🤖 AI Summary
This paper addresses pervasive cultural biases, web-crawling quality deficiencies, and the systemic invisibility of labor in machine learning datasets. We propose a participatory data construction paradigm, implementing a collaborative crowdsourcing framework, culturally situated collection protocols, and qualitative reflexive analysis—grounded in practice logs and interviews—to co-create World Wide Dishes (WWD), the first high-quality, multimodal food culture dataset built collectively by globally diverse communities. We systematically identify and theorize four categories of critical invisible labor: community trust-building, participatory accessibility design, data production support, and interpretation of data–culture relationships. Our contributions include: (1) a reusable, open framework for participatory dataset construction; (2) empirical validation of decentralized, anti-colonial data practices; and (3) interdisciplinary innovation bridging CSCW and ML data governance.
📝 Abstract
We provide a window into the process of constructing a dataset for machine learning (ML) applications by reflecting on the process of building World Wide Dishes (WWD), an image and text dataset consisting of culinary dishes and their associated customs from around the world.
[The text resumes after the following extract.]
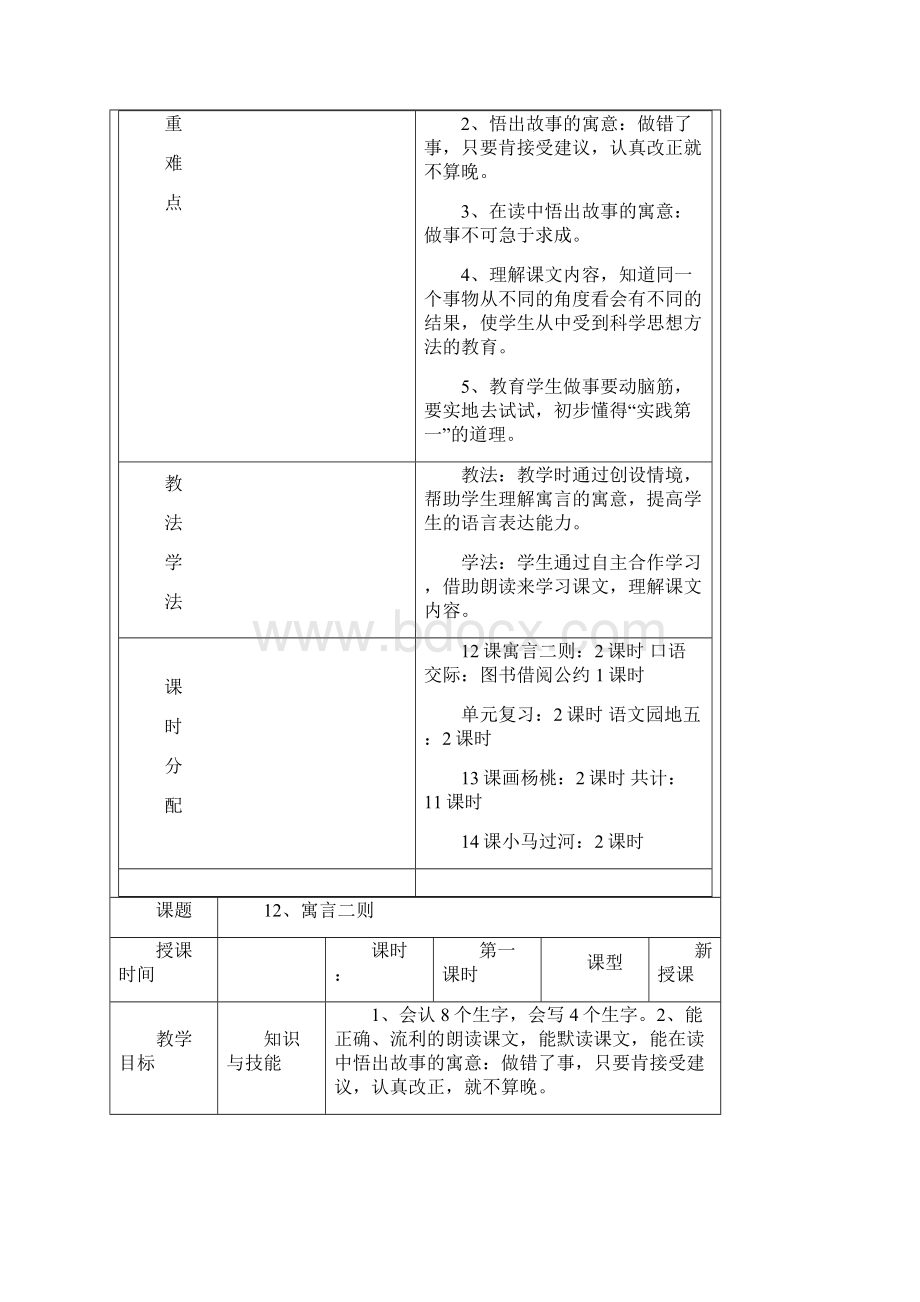 部编版二年级下册语文第五单元教案Word格式文档下载.docx_第2页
WWD takes a participatory approach to dataset creation: community members guide the design of the research process and engage in crowdsourcing efforts to build the dataset. WWD responds to calls in ML to address the limitations of web-scraped Internet datasets with curated, high-quality data incorporating localised expertise and knowledge. Our approach supports decentralised contributions from communities that have not historically contributed to datasets as a result of a variety of systemic factors. We contribute empirical evidence of the invisible labour of participatory design work by analysing reflections from the research team behind WWD. In doing so, we extend computer-supported cooperative work (CSCW) literature that examines the post-hoc impacts of datasets when deployed in ML applications by providing a window into the dataset construction process. We surface four dimensions of invisible labour in participatory dataset construction: building trust with community members, making participation accessible, supporting data production, and understanding the relationship between data and culture. This paper builds upon the rich participatory design literature within CSCW to guide how future efforts to apply participatory design to dataset construction can be designed in a way that attends to the dynamic, collaborative, and fundamentally human processes of dataset creation.